Production postmortemThe encrypted database that was too big to replicate

time to read 3 min | 592 words

A customer called the support hotline with a serious problem. They had a large database and wanted to add another replica node to it. This is a fairly standard thing to do, of course. The problem was that somewhere around the 70% mark, the replication process stalled. All the metrics were green, the mentor node and the new node had perfect connectivity, and there were no errors in the logs.

Typical reasons for replication to stall usually involve connectivity issues, but in this case, we could see that there was no such sign of that. In fact, the mentor node kept sending (empty) batches to the destination node. That shouldn’t be the case, however. If we have nothing to send, there shouldn’t be a batch sent over the wire. That was the only hint of something wrong.

We also looked into what information RavenDB could tell us about the system, and noticed that we have a performance hint about big documents. Some of them exceeded 32MB in size, which is… quite a lot.  That doesn’t really relate so much to replication, however. It would surely slow it down, but it should work.

Looking into the logs, we could see that the mentor node was attempting to send a batch, but it was sending zero documents. Digging deeper, we saw an entry about skipping documents, that was… strange. Cross referencing the log statement with the source code revealed that RavenDB decided that it is sending too much in the batch and aborted it. But… it isn’t sending anything in the batch.

What is actually going on is that the database in question is an encrypted one. Encrypted databases in RavenDB are encrypted in both disk and memory. The only time that we decrypt a document is when there is an active transaction reading it.
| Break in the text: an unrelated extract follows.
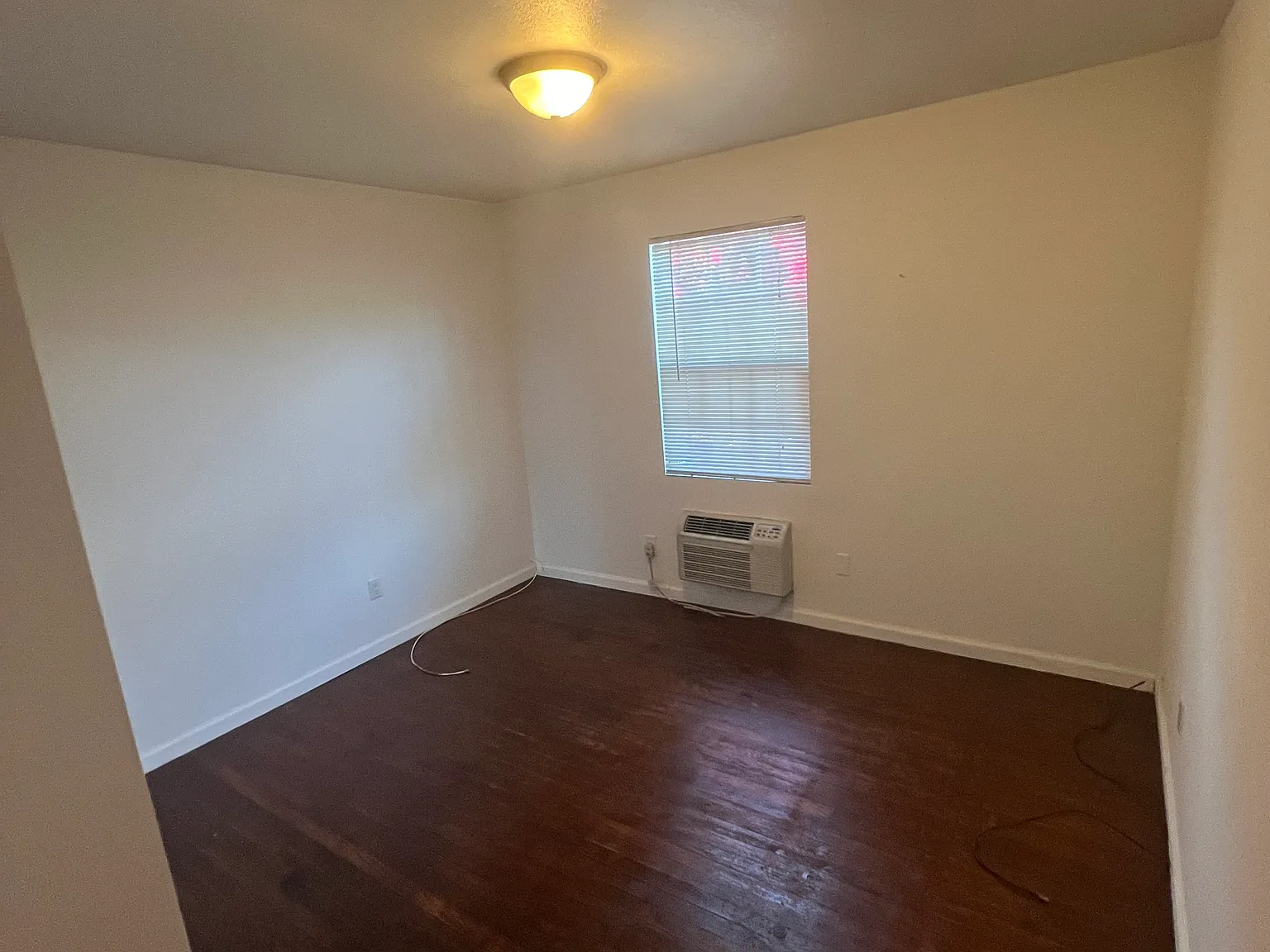 16004 Cadwell St — Photo 2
During that time, we hold that in locked memory (so it wouldn’t be paged to disk). As a result of that, we try to limit the size of transactions in encrypted databases. When we replicate data between nodes, we open a read transaction on the source node, read the documents that we need to replicate and send them to the other side.

There is a small caveat here, each node in an encrypted database can use a different encryption key, so we aren’t sending the encrypted data, but the plain text. Of course, the communication itself is encrypted, so nothing can peek into the data in the middle.

By default, we’ll stop a replication batch in an encrypted database after we locked more than 64 MB of memory. A replication batch of 64 MB is plenty big enough, after all. However… we didn’t take into account a scenario where a single document may cause us to consume more than 64 MB in locked memory. And we put the check to close the replication batch very early in the process.

The sequence of operations was then:

  • Start a replication batch
  • Load the first document to send
  • Realize that we locked too much memory and close the batch
  • Send a zero length batch

Rinse and repeat, since we can’t make any forward progress.

The actual solution was to set the “Replication.MaxSizeToSendInMb” configuration option to a higher value, enough to send even the biggest documents the customer has. At that point, there was forward progress again in the system and the replication was completed successfully.

We still consider this a bug, and we’ll fix it so there won’t be a hang in the system, but I’m happy to see that we were able to do a configuration change and get everything up to speed so quickly.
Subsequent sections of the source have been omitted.